Buradaki en büyük metodoloji sorunu, her islami ilim için ayrı ayrı metodoljinin benimsenmesi konusu olmuştur.
Özellikle ilimleri öğrenmeye çalışanlar, bu metodoljinin çoğuna hakim olamadığından bir süre sonra islami ilimlerin sadece bir dalında yoğunlaşmakta, bu durum ise yorumlarında isabetsizliğe yol açmaktadır.
Örneğin bir fakih veya mutasavvuf, hadis diline ve metodolojisine yabancı olduğundan her gördüğü ve kitaplarda geçen hadisin bir kritiğini yapmadan benimsemekte bu durumda hem yanlış sonuçlara ulaşmakta ve hem de bilmeden mevzu, zayıf hadislerin yaygınlaşmasına, din diye benimsenmesine ve bir süre sonra bu zayıf noktadan islama saldırıların gelmesine neden olmaktadır.
Aynı şekilde diğer farklı islami disiplinlerinden habersiz olan bir hadisçi de hadisleri herhangi bir yoruma tabi tutmadan olduğu gibi benimsemekte, bu durumda da şekilci bir yapı ortaya çıkmaktadır.
Halbuki tüm bu disiplinleri birleştirecek ortak metodoloji/usul ilmi oluşturulsa insanlar olaylara bütüncül bakmış olurlar.
Biz nacizane olarak şöyle bir öneride bulunuyoruz:
Mevcut usul ilimleri içinde en kapsamlısı ve en çok üzerinde çalışılmış olanı usulu fıkıhtır. Usulu fıkhı esas alarak diğer usul bilgilerini bu temel üzerine inşa edebiliriz.
Örneğin şöyle yapabiliriz.
Klasik usul ilmimizde önce kitap/kur'an'la başlanır. Birinci kaynağımız odur. Burada Kur'an'ı sadece fıkıh açısından ele almak yerine, bu kısmı tefsir usulunün de anlatıldığı yer haline getirebiliriz. Böylece usulu fıkıh içinde tefsir usulu de yerleşmiş olur.
ikinci kaynağımız sünnet/hadis'tir.

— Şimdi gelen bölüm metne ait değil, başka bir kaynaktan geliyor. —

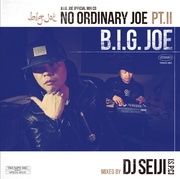 NO ORDINARY JOE PT.2 MIXED BY DJ SEIJI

Burada da aynı yöntemi izler, sadece fıkıh açısından değil, hadis usulünü de buraya yerleştirebiliriz.
İcma'nın içine usulu din (akaid) yöntemini yerleştirebiliriz.
Kıyas'ın içine de akli ilimleri yani mantık, edebiyat, dil konularını yerleştirebiliriz.
istihsan, istishap, seddu zerai yönteminin içine fıkhı batın/tasavvuf/edep ilmini de yerleştirebiliriz.
Böylece bir usul dersi ile tüm islami disiplinleri bir arada öğrenmiş oluruz.
Bu sayede disiplinler arası kopukluğu da gidermiş oluruz. Ayrıca, tek bir usul dersi içerisinde tüm yöntemleri yerleştirmiş oluruz. Bu durum öğrenmeyi, konuları birbirine bağlamayı da kolaylaştırır.